_Items listed in a dataset_

-=-=-=-=-

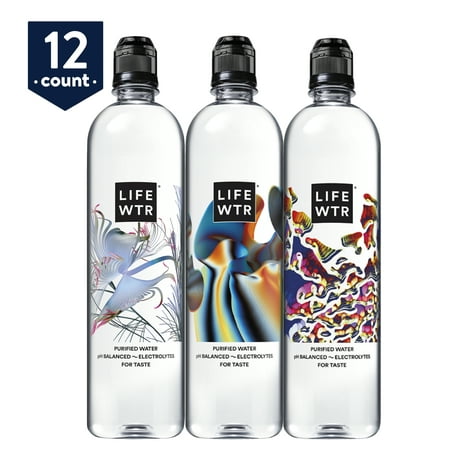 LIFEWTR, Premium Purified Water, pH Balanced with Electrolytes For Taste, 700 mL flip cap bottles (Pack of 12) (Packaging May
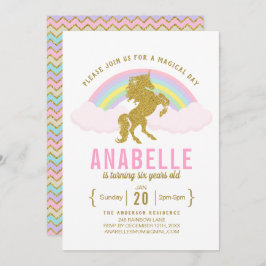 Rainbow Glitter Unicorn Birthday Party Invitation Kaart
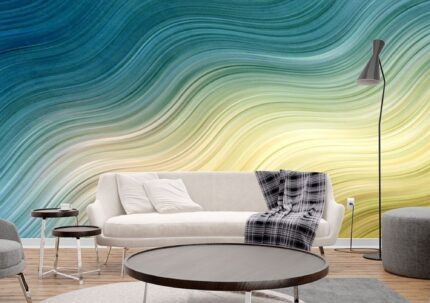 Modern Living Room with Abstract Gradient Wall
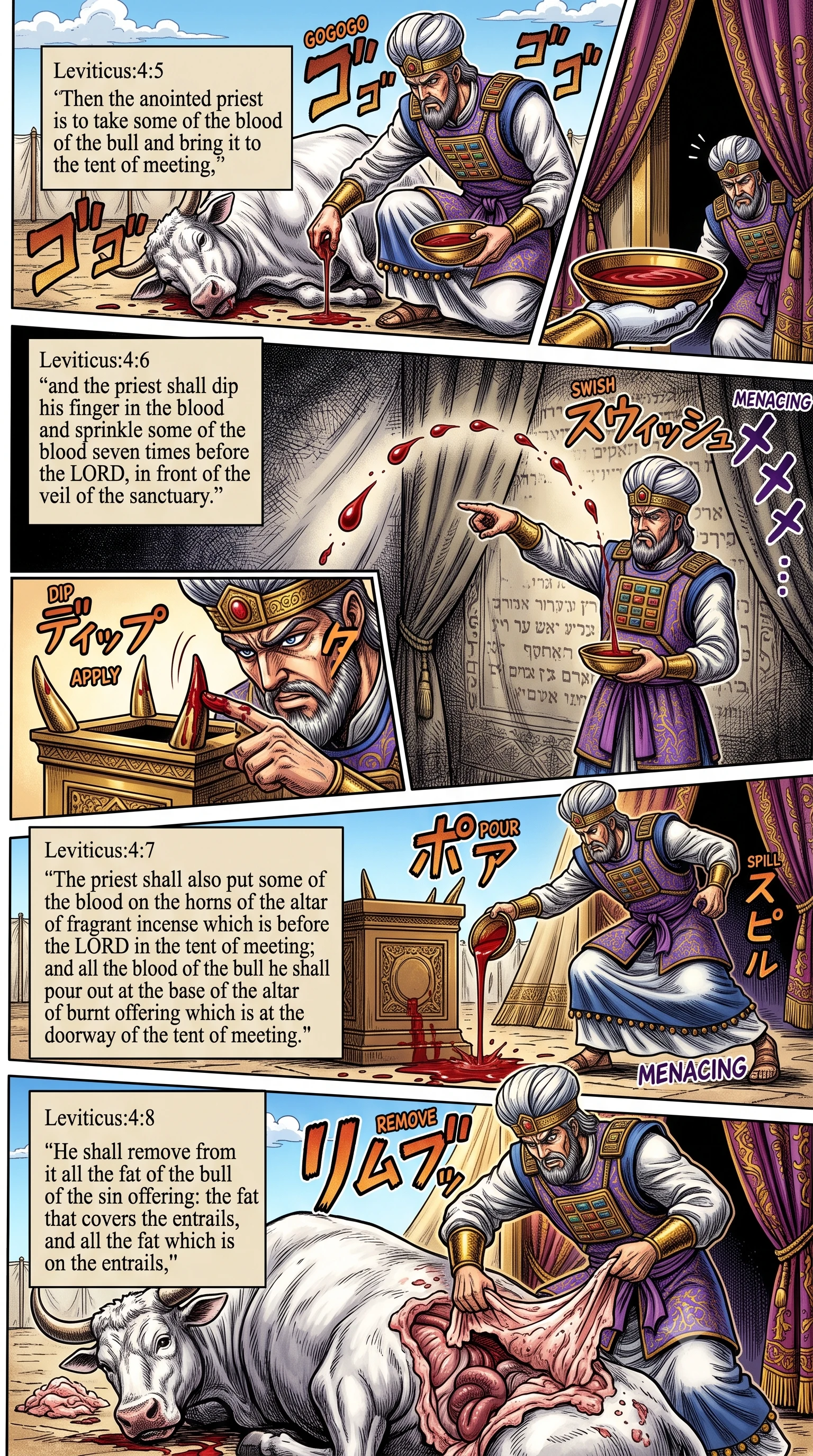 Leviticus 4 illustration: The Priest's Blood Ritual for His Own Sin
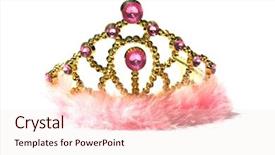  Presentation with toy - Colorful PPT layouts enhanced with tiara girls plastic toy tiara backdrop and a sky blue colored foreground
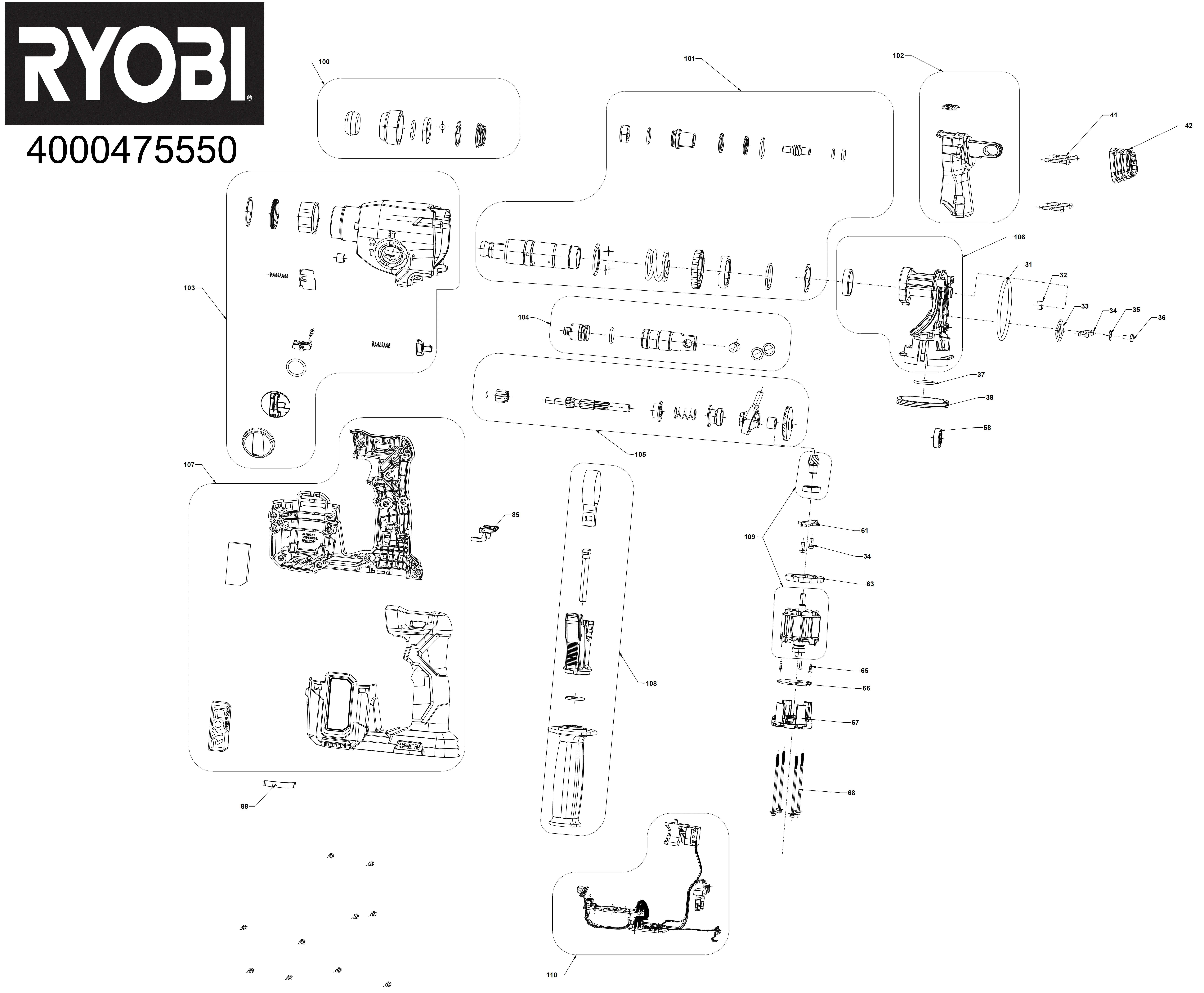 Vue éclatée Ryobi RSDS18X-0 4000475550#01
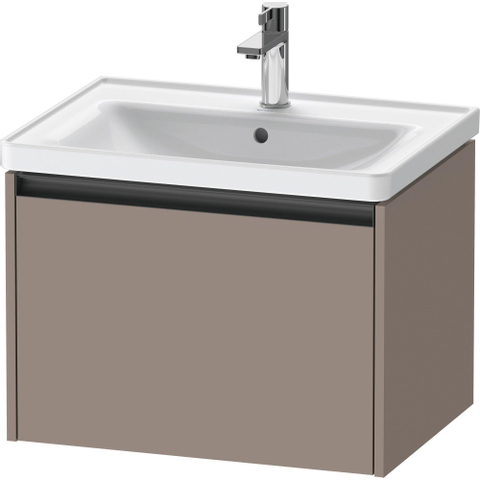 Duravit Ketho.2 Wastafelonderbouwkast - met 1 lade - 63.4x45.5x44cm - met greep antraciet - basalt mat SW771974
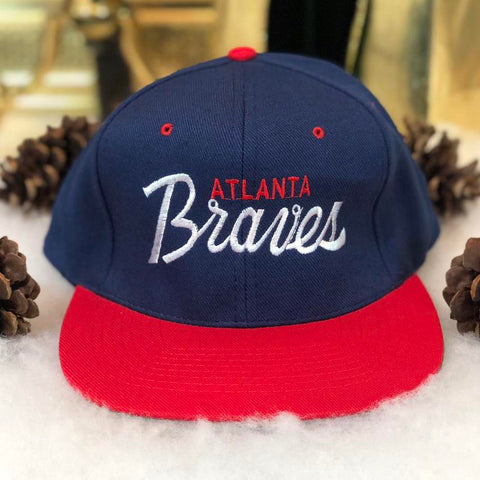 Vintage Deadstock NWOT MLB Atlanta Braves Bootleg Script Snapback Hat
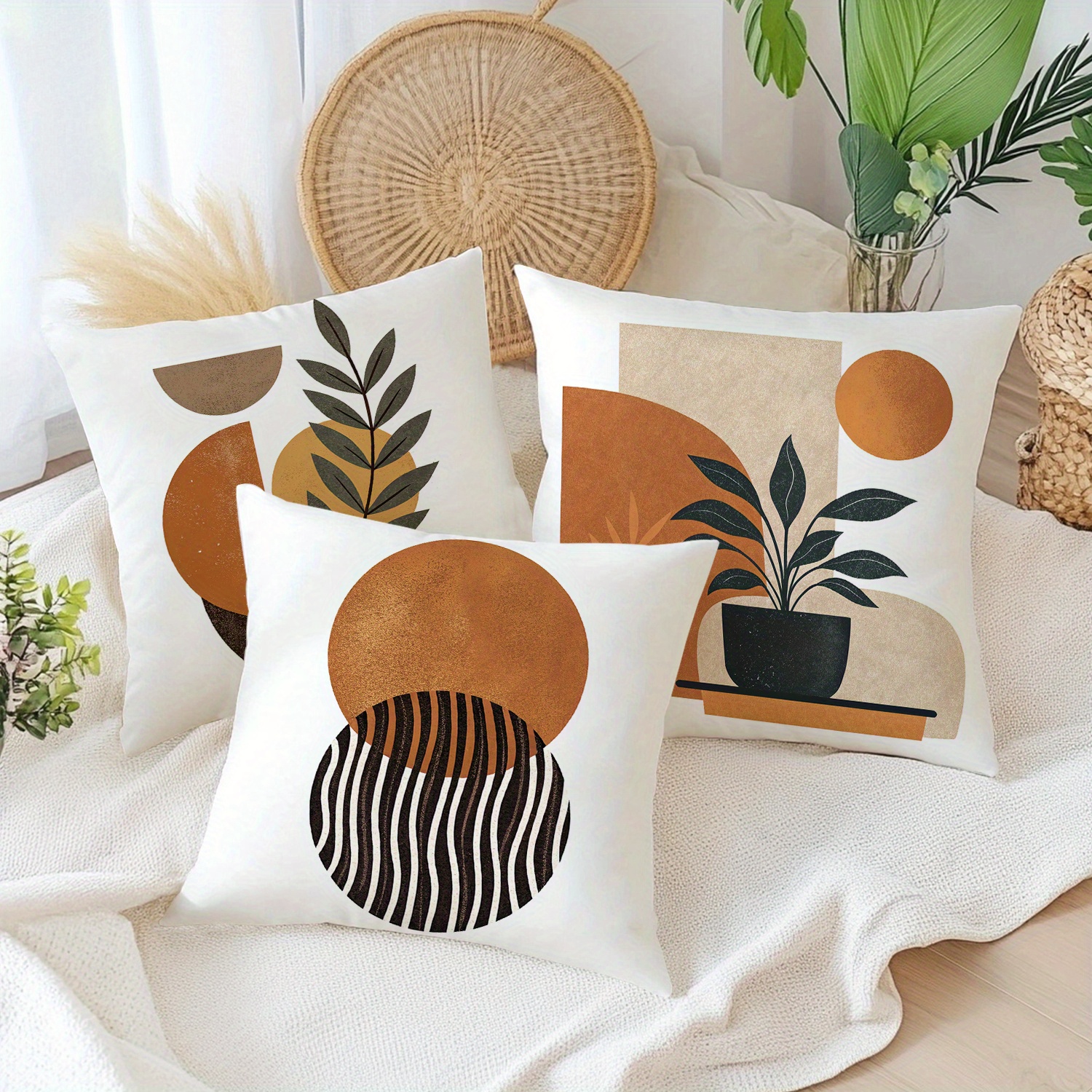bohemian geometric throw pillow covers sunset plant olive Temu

-=-=-=-=-

_WHAT IS REQUIRED_
What is the exact wording of the lines from the one bearing "Duravit Ketho.2 Wastafelonderbouwkast" through the final line of the records above? Write it out without the pictures.

_SOLUTION FOR THIS EXERCISE_
 Duravit Ketho.2 Wastafelonderbouwkast - met 1 lade - 63.4x45.5x44cm - met greep antraciet - basalt mat SW771974
 Vintage Deadstock NWOT MLB Atlanta Braves Bootleg Script Snapback Hat
bohemian geometric throw pillow covers sunset plant olive Temu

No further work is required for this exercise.